Linear SVM Classification
* create decision boundary that separates the instances
* the edge of decision boundary is called support vector
* hard margin classification is not possible due to outlier
* soft margin classification is more possible.
* use hyper parameter C to control how narrow or wide the street is.

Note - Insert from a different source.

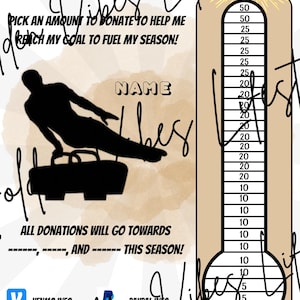 Male Gymnast Fundraiser Template: Editable Canva Flyer (Digital Download) Hit my goal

Nonlinear SVM Classification
* sometimes data is not separable in linear.
* Method 1: use polynomial features
* Or use polynomial kernel
* Method 2: use Similarity features (Gaussian Radial Basic Function)
* Also has RBF kernel

How to choose which kernel to use?
* try linear first
* if not, then try rbf
* if both are not able, try to use GridSearch before try other kernels.

SVM Regression
* Reverse the objective in SVM classification
* instead of putting data off the street, put eat data on the street instead
* margin of error instead become data that is off

Under the hood
y = 0 if wx + b < 0, 1 if wx + b >= 0
Diff with Linear Regression
* there is no need to add b as x0 to x
* w is used instead of theta

Cost function
* weight of function is w
* try to minimize w so that the margin of the street is big
* at same time all positive instance need to have decision function >= 0 and vice versa for negative instance.
* it is quadratic programming problems
* The minimise function is 0.5 * w.T * w
* constraint to: t(wx+b) >= 1, where t=-1 when y = 0, and t=1 when y = 1
* Introduce slack variable to see how much violation we allows
* C => hyperparameter to control the minimise and the constraint

Dual Problem
* the QP problem of SVM is primal problem, but it can be solved by dual problem.
* The dual problem equation of the cost function is 0.5 i..m j..m alpha(i)alpha(j) t(i)t(j) x(i)x(j) - i..m alpha
* Objective: find alpha that minimise the equation
* from the alpha, we can calculate w and b based on another equation

Kernel Trick
* can skip the polynomial transformation by using the product of the vectors and square it (if it is degree=2)
* Common Kernels: linear, polynomial, gausian RBF, sigmoid
* The idea is, it is capable of calculating the dot product of transformed matrix without even transforming it.
* why? Most of times, data is not linear separateable. The transformation is needed to transform data to hyperplane; this is where kernel trick comes. It allows us to operate in original space without computing the coordinate of the tranformmed space.

Hinge Loss
max(0, 1-t)it is 0 when t >= 1. otherwise it will be 1-t which is the instance cross the street.

Logistic Regression

Instead of value like linear regression, it calculate probability out of the value.
p = logistic(X.theta)
* logistic is inverse of logit function.
logistic(t) = 1 / ( 1 + exp(-t) )

y = 0 if p < 0.5, this also means t < 0
y = 1 if p >= 1, this also means t >= 1

The cost function of it is:
c(theta) = -log(p) if y = 1, -log(1-p) if y = 0
* increase probability when it is positive instance
* reduce probability of negative instance
* there is no normal equation to solve. need to use gradient descent approach
* The partial derivative is similar to linear regression. replace the value with the probability instead

Decision Boundary
* the boundary on which it is equally possible for y = 0 and y = 1, i.e. p = 0.5

* LogisticRegression.predict_proba will return two column. Column 0 is the probability of 0, Column is the probability of 1

Support of Multiple Class
* Using Softmax regression
* Compute sk(x) for each class k = x.theta
* Each class has its own parameter vector theta. Every parameter vector can be put in row in matrix called parameter matrix
* Probability of sk(x) is the softmax function: exponential of sk divide by sum of all exponential

Cost function of Softmax Regression
* When k = 2, it is the same as logistic regression.